## [TASK OBJECTIVE]
Count how many lines below include the string "abstract", and give that number without anything else.
[[ DATA SUPPLIED, beginning ]]
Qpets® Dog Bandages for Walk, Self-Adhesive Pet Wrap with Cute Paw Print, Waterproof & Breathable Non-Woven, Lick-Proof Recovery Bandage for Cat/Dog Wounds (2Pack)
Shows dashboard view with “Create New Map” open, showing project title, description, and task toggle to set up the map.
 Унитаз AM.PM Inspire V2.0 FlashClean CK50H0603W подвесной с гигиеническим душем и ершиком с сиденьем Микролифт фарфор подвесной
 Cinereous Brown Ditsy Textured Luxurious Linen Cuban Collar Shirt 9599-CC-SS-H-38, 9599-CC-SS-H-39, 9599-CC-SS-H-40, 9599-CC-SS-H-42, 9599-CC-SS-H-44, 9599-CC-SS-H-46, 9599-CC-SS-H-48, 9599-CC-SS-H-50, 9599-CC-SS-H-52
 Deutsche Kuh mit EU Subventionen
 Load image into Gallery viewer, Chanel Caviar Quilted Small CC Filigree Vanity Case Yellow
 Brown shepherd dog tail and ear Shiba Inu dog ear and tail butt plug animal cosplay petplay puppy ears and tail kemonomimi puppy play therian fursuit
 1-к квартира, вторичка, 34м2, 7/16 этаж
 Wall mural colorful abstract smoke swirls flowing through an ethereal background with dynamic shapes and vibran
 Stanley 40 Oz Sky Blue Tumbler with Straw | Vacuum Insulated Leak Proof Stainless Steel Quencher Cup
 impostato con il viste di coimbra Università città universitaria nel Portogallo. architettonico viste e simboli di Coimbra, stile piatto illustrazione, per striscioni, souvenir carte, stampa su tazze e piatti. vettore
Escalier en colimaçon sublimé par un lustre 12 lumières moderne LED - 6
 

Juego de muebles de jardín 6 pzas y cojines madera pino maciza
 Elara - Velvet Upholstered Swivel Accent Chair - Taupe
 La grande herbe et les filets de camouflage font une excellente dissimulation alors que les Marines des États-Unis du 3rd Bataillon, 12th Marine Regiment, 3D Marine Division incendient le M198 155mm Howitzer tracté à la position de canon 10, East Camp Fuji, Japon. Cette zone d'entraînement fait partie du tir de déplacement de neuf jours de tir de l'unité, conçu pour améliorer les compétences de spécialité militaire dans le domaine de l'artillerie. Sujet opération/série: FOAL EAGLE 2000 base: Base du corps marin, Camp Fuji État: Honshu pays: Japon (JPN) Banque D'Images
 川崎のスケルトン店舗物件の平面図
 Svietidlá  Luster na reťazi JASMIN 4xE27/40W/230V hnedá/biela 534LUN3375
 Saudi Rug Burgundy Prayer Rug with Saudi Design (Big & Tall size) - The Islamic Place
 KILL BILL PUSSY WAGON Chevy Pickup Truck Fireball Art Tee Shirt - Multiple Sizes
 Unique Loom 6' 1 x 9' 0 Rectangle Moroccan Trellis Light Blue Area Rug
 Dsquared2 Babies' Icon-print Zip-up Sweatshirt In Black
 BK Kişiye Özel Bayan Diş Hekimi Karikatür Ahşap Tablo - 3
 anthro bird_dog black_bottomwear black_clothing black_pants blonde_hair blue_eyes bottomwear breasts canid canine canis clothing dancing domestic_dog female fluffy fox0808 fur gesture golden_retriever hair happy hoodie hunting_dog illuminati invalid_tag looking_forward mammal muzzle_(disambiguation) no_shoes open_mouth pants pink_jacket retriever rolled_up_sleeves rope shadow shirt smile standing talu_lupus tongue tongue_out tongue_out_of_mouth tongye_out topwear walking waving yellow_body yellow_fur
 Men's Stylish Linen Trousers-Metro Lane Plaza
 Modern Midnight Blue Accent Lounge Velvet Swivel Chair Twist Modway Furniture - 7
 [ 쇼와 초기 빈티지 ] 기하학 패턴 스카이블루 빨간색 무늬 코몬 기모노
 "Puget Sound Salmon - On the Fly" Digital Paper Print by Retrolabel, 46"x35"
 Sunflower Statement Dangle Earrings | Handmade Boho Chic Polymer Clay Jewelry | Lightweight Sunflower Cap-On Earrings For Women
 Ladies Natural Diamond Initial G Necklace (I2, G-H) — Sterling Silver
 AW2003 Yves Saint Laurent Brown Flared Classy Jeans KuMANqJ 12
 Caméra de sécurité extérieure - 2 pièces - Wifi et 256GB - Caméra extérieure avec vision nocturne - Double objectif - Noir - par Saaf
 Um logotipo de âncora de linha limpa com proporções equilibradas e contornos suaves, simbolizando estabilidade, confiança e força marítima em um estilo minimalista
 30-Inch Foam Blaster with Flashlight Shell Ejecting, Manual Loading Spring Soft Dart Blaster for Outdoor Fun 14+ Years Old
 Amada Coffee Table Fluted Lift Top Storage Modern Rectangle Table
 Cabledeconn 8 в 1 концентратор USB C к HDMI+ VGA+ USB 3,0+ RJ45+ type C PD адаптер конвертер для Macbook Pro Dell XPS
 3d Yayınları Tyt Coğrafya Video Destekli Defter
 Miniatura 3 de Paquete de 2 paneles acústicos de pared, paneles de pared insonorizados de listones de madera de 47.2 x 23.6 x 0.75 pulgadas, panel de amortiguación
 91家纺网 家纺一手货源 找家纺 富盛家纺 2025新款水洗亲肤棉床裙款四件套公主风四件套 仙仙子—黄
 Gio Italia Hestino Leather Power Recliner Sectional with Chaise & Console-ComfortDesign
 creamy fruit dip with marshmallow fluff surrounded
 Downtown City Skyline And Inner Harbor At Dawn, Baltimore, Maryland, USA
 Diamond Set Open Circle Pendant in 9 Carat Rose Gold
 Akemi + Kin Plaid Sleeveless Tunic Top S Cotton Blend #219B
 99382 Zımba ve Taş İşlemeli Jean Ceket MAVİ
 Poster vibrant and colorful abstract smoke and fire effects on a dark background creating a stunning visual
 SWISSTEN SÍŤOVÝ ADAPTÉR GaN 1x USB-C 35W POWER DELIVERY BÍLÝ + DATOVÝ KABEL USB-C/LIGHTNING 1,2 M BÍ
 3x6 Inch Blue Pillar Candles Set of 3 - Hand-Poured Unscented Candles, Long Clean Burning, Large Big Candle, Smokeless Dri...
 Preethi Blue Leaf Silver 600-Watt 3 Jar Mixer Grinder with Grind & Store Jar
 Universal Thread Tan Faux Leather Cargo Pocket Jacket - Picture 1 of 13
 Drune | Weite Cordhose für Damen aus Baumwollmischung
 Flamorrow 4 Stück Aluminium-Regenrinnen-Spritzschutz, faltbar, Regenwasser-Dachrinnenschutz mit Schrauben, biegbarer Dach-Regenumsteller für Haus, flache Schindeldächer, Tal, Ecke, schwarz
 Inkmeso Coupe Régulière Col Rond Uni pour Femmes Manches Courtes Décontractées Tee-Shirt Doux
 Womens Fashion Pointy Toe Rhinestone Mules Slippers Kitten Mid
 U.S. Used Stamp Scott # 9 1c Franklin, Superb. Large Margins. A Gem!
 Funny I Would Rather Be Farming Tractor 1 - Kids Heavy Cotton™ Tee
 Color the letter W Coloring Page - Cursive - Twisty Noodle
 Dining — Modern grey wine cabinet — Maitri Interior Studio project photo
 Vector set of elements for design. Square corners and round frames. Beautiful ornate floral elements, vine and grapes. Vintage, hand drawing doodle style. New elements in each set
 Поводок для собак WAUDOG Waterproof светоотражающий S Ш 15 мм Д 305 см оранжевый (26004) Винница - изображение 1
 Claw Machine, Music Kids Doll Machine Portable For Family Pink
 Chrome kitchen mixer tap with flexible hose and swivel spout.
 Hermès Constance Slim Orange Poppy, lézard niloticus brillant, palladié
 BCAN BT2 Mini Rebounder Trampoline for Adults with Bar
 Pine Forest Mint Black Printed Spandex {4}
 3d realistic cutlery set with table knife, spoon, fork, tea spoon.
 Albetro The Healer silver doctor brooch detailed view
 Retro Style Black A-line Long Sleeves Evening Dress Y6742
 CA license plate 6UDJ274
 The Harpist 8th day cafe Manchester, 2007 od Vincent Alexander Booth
[[ DATA SUPPLIED, end ]]
## [ANSWER BOX]
2